··· DATASET RECORDS ···
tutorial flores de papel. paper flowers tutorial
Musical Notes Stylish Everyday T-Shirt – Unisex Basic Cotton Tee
···
··· DATASET RECORDS ···
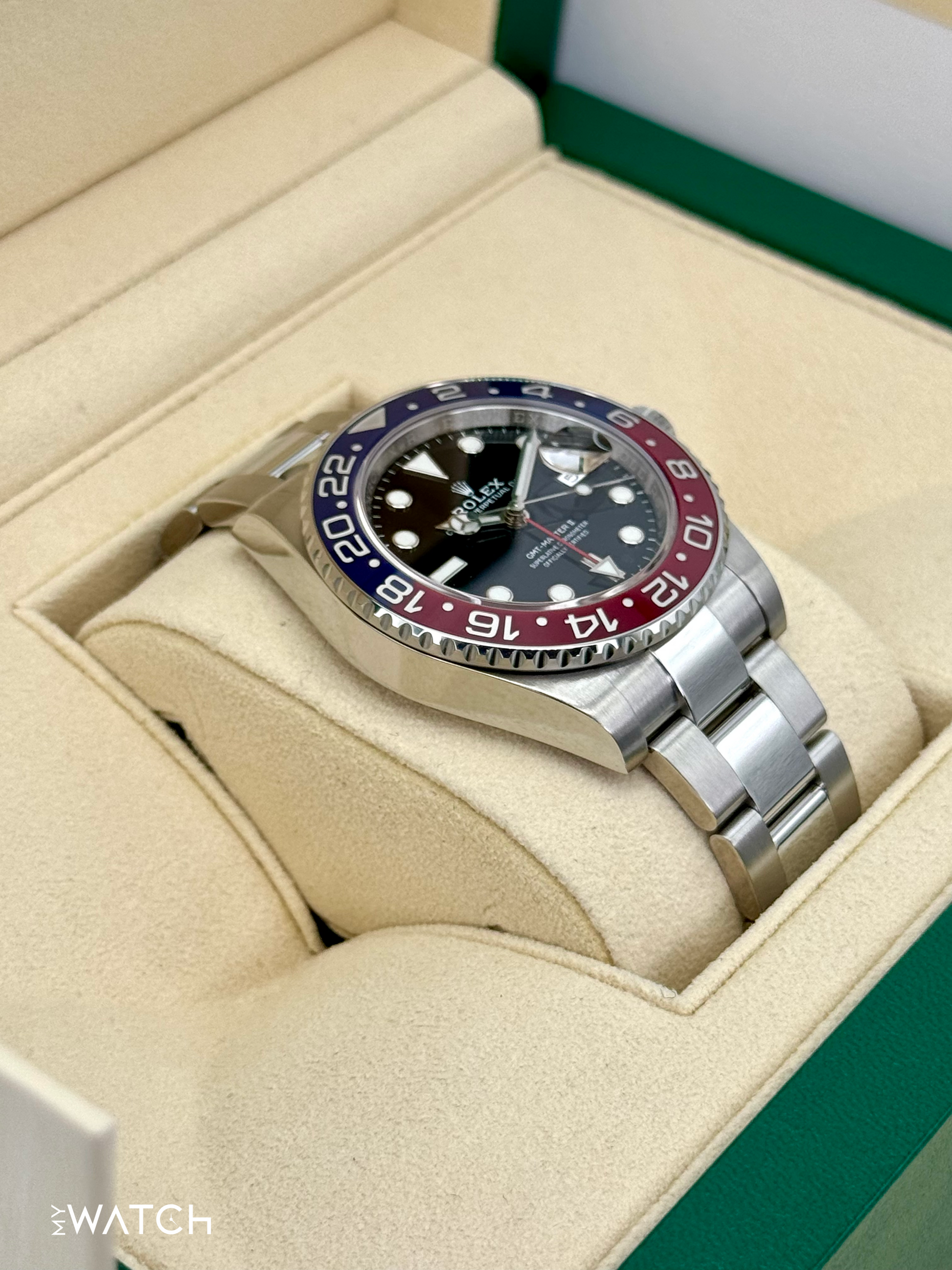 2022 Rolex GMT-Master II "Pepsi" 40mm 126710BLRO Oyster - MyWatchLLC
···
··· DATASET RECORDS ···
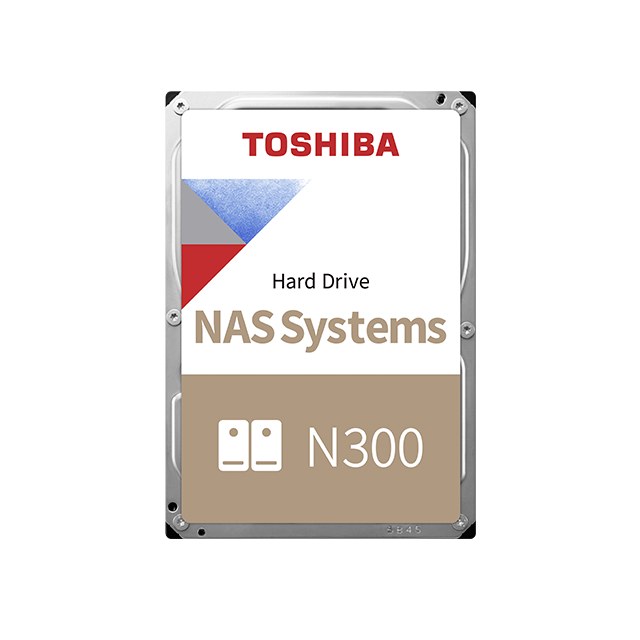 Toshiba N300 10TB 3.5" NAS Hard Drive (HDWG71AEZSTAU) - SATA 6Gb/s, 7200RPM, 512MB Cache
···
- _DIRECTIONS FOR THIS TASK_
All that is wanted is the stretch of lines above from the one containing "tutorial flores de" through the one containing "Musical Notes Stylish", duplicated exactly.

- _ANSWER TO THIS EXERCISE_
tutorial flores de papel. paper flowers tutorial
Musical Notes Stylish Everyday T-Shirt – Unisex Basic Cotton Tee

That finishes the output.